Havia uma loja. Havia uma cidade inteira ao redor dela. E, ainda assim, ninguém enxergava o óbvio.
Em Brasília, o Fogo de Chão operava havia anos uma única unidade, instalada no Setor Hoteleiro Sul. Um endereço tradicional, mas estagnado. Um campo público, mas envelhecido. Um faturamento estável, mas baixo, o tipo de estabilidade que não é conquista, é acomodação. Ano após ano, a operação segue entregando o mesmo resultado, sem crescer e sem sinalizar risco imediato. O problema de uma loja assim não é o prejuízo. É o tempo perdido.
O ponto de partida
Não houve crise. Havia algo mais silencioso: uma marca madura presa a um território que já não representava seu potencial. O território que não é reavaliado se transforma, sem avisar, em teto.

O que os dados mostraram
A CIT analisou Brasília como ela é hoje, não como era quando a loja foi inaugurada. Isso significou olhar para o comportamento do público de alto padrão, para os fluxos reais de deslocamento, para a concorrência direta e indireta, e para como a cidade havia se reorganizado ao longo dos anos.
O resultado não apontou para uma reforma. Apontava para uma mudança de endereço.

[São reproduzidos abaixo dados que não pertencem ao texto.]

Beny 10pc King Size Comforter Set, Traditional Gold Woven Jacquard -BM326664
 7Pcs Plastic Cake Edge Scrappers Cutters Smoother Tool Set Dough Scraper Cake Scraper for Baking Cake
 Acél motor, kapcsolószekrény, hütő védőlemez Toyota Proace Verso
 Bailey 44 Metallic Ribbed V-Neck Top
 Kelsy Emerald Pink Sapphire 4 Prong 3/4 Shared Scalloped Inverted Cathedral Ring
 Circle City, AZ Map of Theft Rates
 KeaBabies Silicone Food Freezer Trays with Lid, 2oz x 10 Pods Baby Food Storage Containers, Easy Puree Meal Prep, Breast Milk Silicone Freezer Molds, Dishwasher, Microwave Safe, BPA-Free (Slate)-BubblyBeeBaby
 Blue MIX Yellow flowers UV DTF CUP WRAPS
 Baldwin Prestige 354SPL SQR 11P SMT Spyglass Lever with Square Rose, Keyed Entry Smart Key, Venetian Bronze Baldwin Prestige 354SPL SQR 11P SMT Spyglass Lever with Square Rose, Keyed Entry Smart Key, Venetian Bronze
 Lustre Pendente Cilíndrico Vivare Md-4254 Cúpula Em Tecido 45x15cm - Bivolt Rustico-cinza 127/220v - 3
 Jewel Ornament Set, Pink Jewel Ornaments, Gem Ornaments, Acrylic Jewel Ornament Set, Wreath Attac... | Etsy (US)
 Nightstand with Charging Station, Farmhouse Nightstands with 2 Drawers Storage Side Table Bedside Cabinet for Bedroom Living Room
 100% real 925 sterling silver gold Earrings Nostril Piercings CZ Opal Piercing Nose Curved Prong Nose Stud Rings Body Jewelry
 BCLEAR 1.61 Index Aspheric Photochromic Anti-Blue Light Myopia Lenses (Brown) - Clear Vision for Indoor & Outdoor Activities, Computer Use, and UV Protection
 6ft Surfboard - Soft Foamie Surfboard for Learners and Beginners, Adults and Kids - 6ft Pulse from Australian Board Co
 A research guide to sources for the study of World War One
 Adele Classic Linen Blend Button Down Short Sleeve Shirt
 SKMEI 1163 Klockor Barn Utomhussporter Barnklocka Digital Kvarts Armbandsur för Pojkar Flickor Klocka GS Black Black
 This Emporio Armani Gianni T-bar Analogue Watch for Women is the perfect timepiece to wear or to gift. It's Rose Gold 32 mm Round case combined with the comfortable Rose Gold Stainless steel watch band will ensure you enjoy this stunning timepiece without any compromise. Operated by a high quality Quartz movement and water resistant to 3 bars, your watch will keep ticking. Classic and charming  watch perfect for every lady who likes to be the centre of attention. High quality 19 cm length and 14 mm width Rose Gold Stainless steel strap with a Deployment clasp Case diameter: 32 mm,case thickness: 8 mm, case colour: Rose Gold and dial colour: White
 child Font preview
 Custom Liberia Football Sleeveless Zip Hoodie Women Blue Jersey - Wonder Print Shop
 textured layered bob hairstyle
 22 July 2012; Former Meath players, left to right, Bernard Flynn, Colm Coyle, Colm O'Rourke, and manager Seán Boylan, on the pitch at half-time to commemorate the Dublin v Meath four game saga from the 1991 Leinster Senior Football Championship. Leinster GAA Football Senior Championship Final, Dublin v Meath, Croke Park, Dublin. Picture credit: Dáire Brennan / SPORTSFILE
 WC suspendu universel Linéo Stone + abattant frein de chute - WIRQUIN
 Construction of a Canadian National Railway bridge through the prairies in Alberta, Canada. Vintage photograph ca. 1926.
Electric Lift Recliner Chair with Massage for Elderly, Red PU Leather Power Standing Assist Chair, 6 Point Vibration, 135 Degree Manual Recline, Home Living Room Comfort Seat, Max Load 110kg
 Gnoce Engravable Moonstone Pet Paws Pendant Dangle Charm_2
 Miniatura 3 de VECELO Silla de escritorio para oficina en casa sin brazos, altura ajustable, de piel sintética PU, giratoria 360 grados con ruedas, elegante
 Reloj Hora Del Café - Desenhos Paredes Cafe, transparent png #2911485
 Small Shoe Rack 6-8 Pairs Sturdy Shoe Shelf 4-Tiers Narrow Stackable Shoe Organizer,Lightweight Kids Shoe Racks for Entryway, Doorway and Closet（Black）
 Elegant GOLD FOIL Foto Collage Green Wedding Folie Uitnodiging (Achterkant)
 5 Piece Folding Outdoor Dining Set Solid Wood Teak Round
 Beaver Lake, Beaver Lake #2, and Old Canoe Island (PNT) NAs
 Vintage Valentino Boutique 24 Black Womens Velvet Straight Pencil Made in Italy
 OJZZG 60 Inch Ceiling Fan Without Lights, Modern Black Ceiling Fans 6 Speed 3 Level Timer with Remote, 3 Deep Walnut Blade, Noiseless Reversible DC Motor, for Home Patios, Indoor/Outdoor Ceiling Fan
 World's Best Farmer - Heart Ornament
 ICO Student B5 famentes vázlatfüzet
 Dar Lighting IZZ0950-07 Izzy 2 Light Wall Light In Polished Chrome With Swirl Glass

A análise indicou uma nova localização de frente para o lago, numa área que concentrava exatamente o perfil de consumidor que sustenta uma experiência como a do Fogo de Chão: poder aquisitivo elevado, ocasião de consumo compatível e visibilidade muito superior ao ponto original.

A decisão
Trocar de endereço uma marca consolidada nunca é uma decisão trivial. Envolve confiança, clientela histórica e o risco de erro em público. Mas manter uma operação relevante presa a um território que já não a representa é também uma decisão, só que silenciosa e, no longo prazo, mais custosa.
Com a análise em mãos, o Fogo de Chão optou por migrar.

O resultado
Em poucos meses, uma nova unidade, de frente para o lago, atingiu um faturamento três vezes maior do que a loja antiga jamais alcançou. A operação anterior, sem justificativa para continuar em paralelo, foi encerrada.
Não foi sorte. Foi território lido com profundidade, antes de qualquer decisão ser tomada.

O que fica
Achismo mantém uma loja funcionando. Inteligência territorial mostra até onde ela poderia ir, e onde ela deveria estar. A diferença entre os dois é, muitas vezes, o tamanho do resultado que uma marca deixa de capturar.
Quantas lojas da sua rede estão hoje presas a um endereço que já não faz sentido, sem que ninguém tenha percebido? A pergunta não é retórica. É a pergunta que separa quem só administra pontos de venda de quem construiu expansão de verdade.
Se a sua marca convive com uma operação estável mas travada, talvez o problema não seja a loja. Seja o território.